Free bets and promotions are commonly advertised on various platforms, including internet banners, TV, and radio. While they may not be as lucrative as they used to be, they still offer players a chance to increase their winnings. In this article, I will examine the results of free bets and demonstrate how they can enhance a player’s profitability.
Simulating The Value Of Free Bets
To illustrate the value in free bets I have collected a large set (of 9,242) odds & results from bookmakers. Here’s some points to note about this sample:
- Odds were available pre-race at UK bookies
- All bets assume a £25 stake
- Odds ranged from 8.0 to 20.0 (as this retains more value)
- A simple selection method (based on recent form) was used to choose the bets
Using this sample of 9,242 bets, I’ve simulated the profitability using different types of free bets.
Stake Not Returned (SNR)
SNR bets are generally offered when you first sign up to a bookmaker. Any winnings you make on the free bet are returned to your account, but the free stake itself is not re-credited.
e.g. if you placed a £25 free bet place on a horse at 3.0 and the horse wins you return ((3.0 * £25) – £25) = £50 as opposed to the normal £75 return you would from a regular bet.

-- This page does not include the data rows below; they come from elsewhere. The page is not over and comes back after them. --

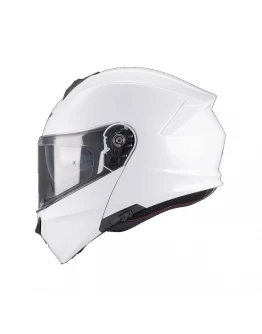 Cască modulară MT Genesis SV Pure A0 Pinlock Ready ECE 22.06 - Alb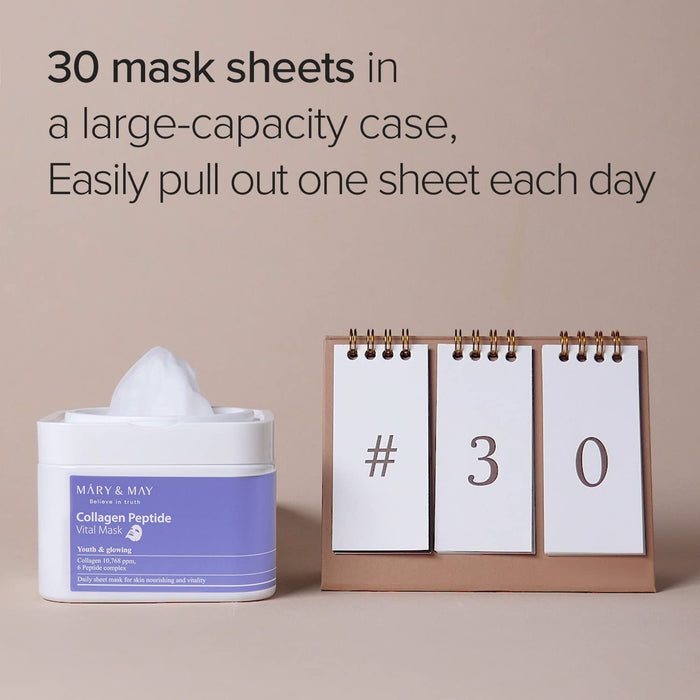 MARY & MAY Collagen Peptide Vital Mask 30ea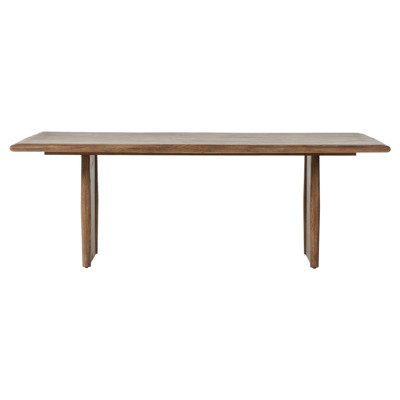 Genesis Rustic Lodge Brown Oak Rectangular Dining Table - 85.50"W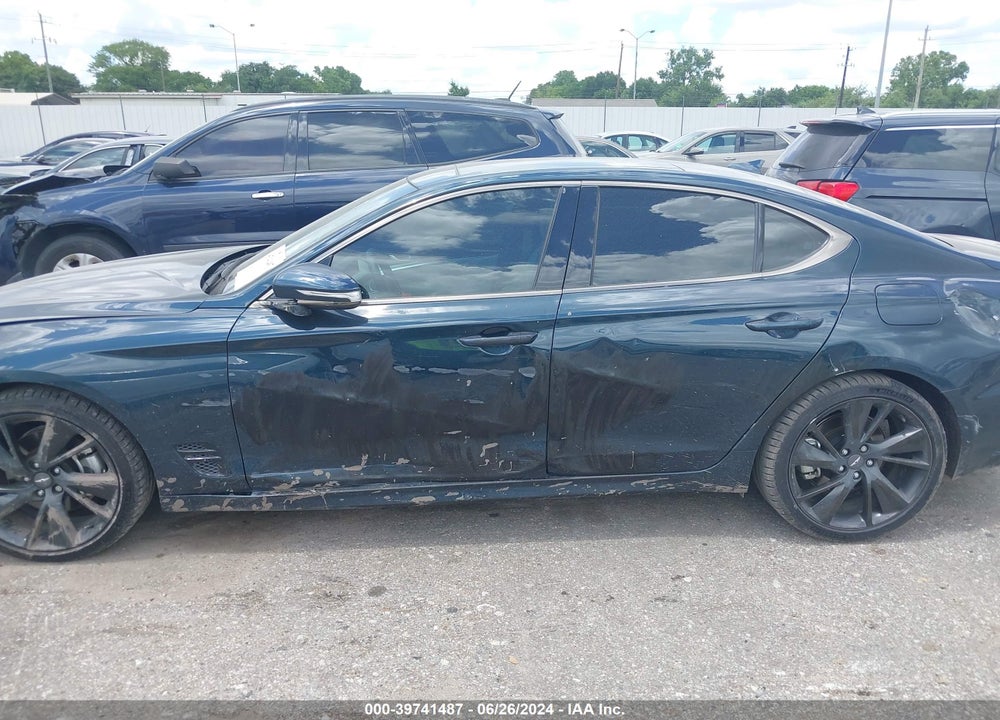 2023 GENESIS G70 2.0T RWD VIN: KMTG34TA9PU121311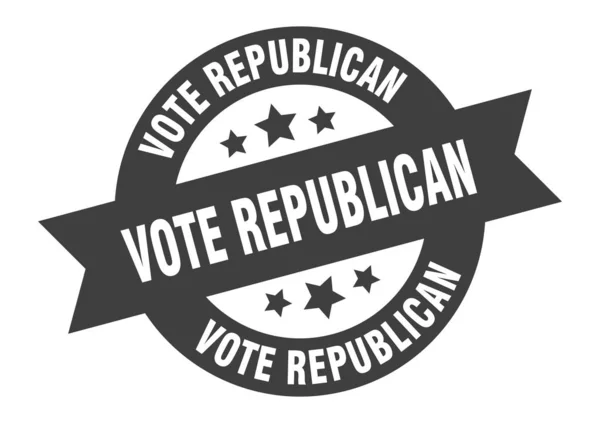Voto signo republicano. voto republicano ronda cinta adhesiva. voto republicano tag — Archivo Imágenes Vectoriales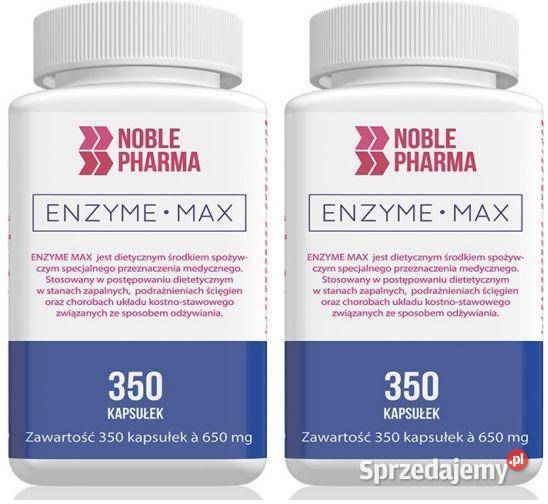 NOBLEPHARMA ENZYME 350 REHABILITACJA ODPORNOŚĆ Pozostałe mazowieckie Warszawa sprzedam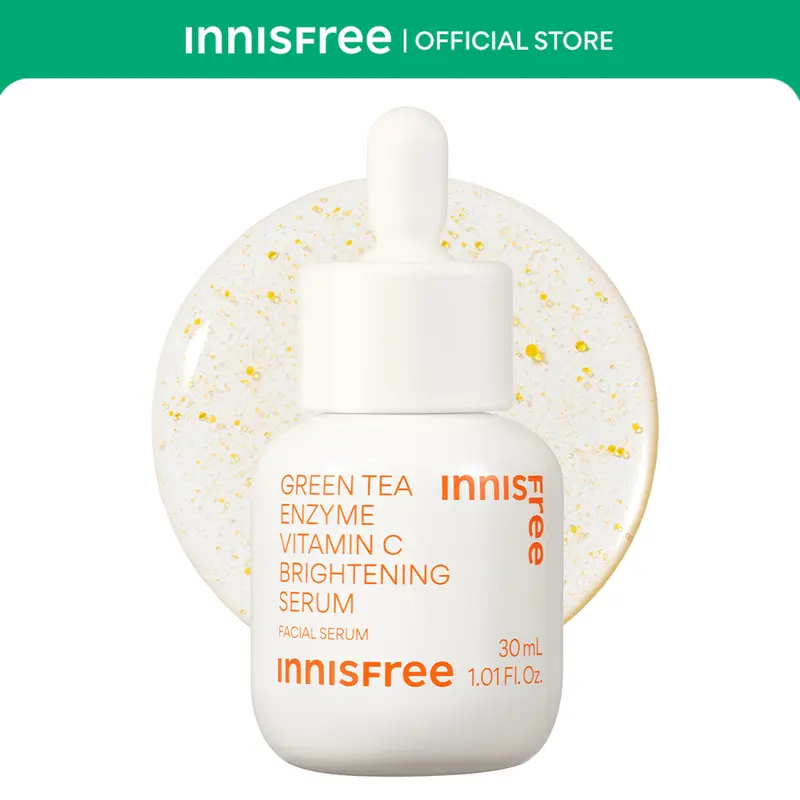 [Innisfree Official] Green Tea Enzyme Vitamin C Serum, Deep Nourishing & Repairing, Brightening Care, Hyperpigmentation Treatment, Spot Fade Help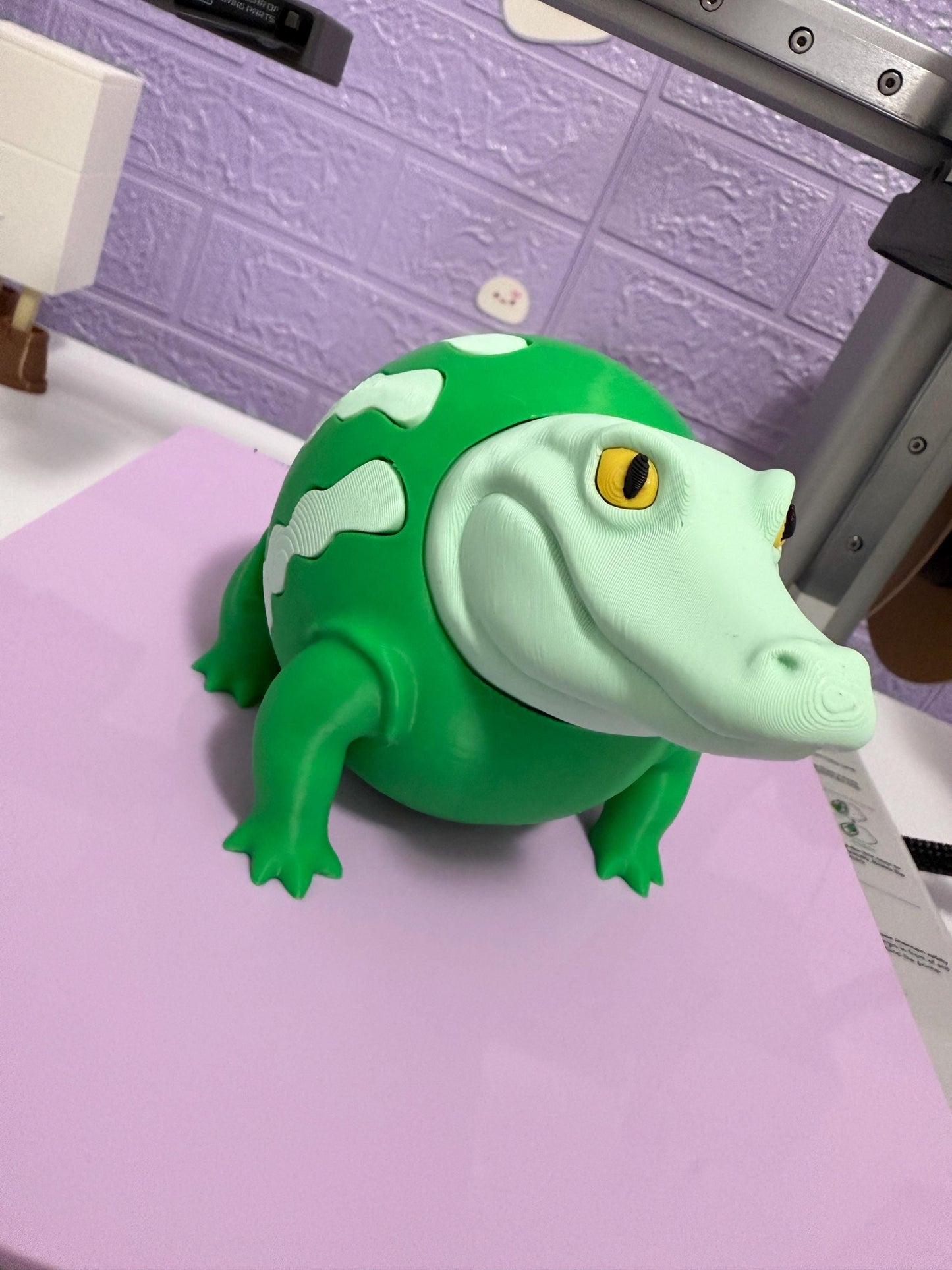 Glorbo Frutto Drillo Meme Figure Funny 3D Printed Italian Brainrot Collectible Toy Viral TikTok Frog Crocodile Fruit Figurine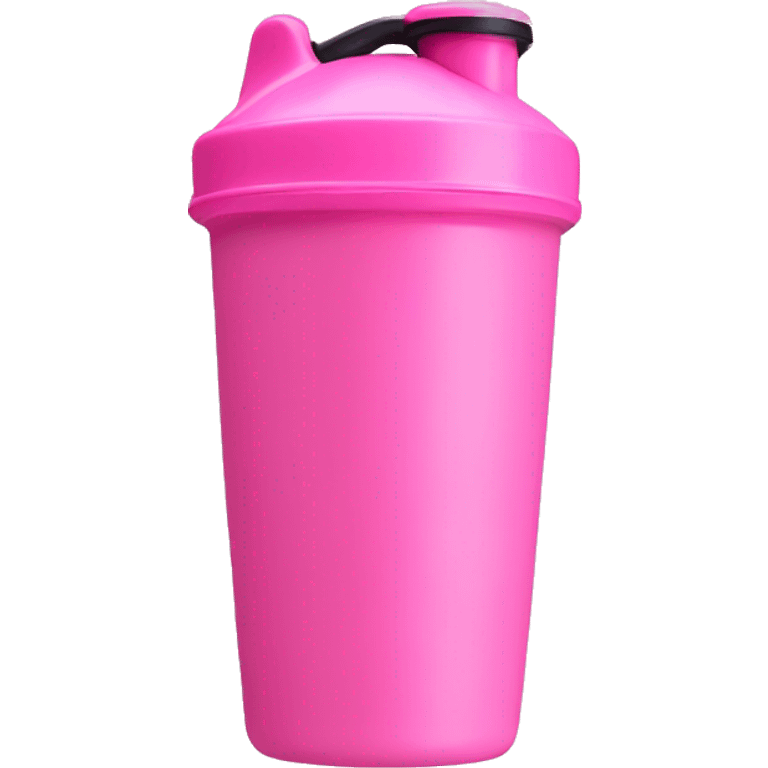 Pink protein shaker cup emoji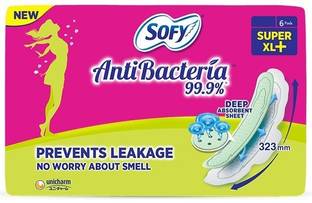 SOFY Anti-Bacteria Extra Large XL Plus - 6 Sanitary Pad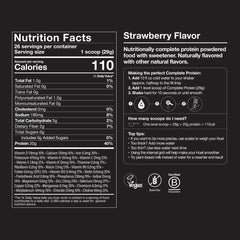 Huel protein powder scoop beside tub signals quick protein boosts.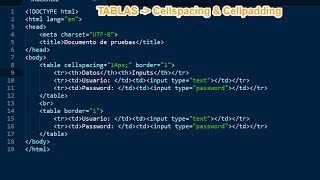 Curso HTML | Tabla: Cellspacing &amp; cellpadding | #3 [Fin]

Here are some key points about SNR bets:
- When you sign up you may need to enter a code to let the bookie know that you want the free bet
- Before you obtain your free bet you’ll need to deposit your own money and place one “qualifying bet” of (typically) an equal amount at the minimum odds stated (e.g. over 2.0) before the bet is credited. This must be your first ever bet.
- SNR bets don’t normally carry a wagering requirement on winnings made from the free bet; this means you can withdraw it straight away
- It doesn’t matter if you win or lose your initial qualifying bet using your own funds — the free bet is still credited
- You usually have to risk the full SNR stake on one outcome (no splitting the bet up)
Learn more about Stake Not Returned free bets
To begin verifying the profitability of SNR free bets, I used my data set to simulate the results of placing random qualifying bets. Remember that this does not (yet) involve any free bet.
Qualifying bets placed on a random half of the sample (4621 bets)
The trend is somewhat inconsistent. But given the large bet size, the result is a relatively small loss of -£675. This is a loss of £0.14 per every £25 bet.
Next up are the simulated results of the SNR bet, which produces a consistently profitable result.
The SNR bets placed on the remaining half of the sample (4621 bets).
The SNR bet simulation does not fluctuate in the negative direction due to the fact that, unlike with the qualifying bet, the player is not risking their own money. This means the outcome of each individual bet is either:
- SNR Bet wins: the player keeps the winnings
- SNR Bet loses: the player’s real money balance is unchanged.
So, only the qualifying bet can lose the player their own money with an SNR promotion.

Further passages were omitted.